The excavated remains in Mohenjo Daro belong to the last city, which had been built on ancient cities, suspected generally to be lower than the
water level. Failure to read the characters of the seals and inextensiveness of excavation continue to fortify the sealed character of its ancient inhabitants and their civilization.
All the streets were laid south to north. Nothing is more welcome to an Indian city than the south wind. The city had necessarily grown most towards the south. Lanes are free from a general deviating or serpentine character. Homes were two-storeyed and the staircases lead not to the lower story hut to outside. This feature is not unknown in the houses in the hills.

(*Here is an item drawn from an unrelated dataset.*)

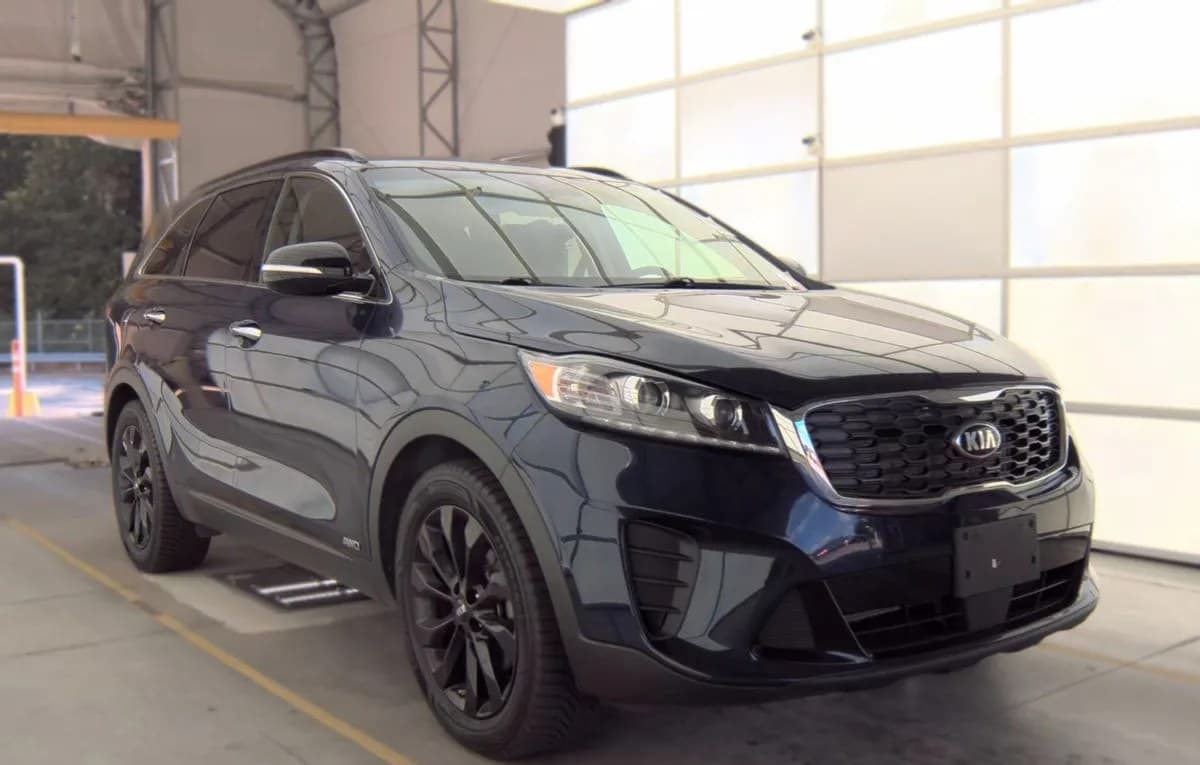 2020 KIA SORENTO S 4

Proximity of the dwellings points to a very crowded city. Mohenjo Daro was a city of bricks, fire burnt and sun-burnt. It had probably stressed more on drainage then any other ancient city. Evidence of underground drains were found everywhere. They were large and high and provided with manholes. The vastness of the drainage surely reflects the greatness of the structures, now very much lost to view.
The objects found in the remain mainly consisted of jewelleries, potteries, figures (human and animal) and toys. The seals have on them inscribed characters of a conventionalised form of pictograph writing, which have not yet been deciphered. Most of them were of steatite and of square size. The more common animal is difficult to be identified. It had features both equine and bovine, with one horn only.The extensive array of research on Mohenjo Daro and its structures all point to the fact that it was a very well-planned city.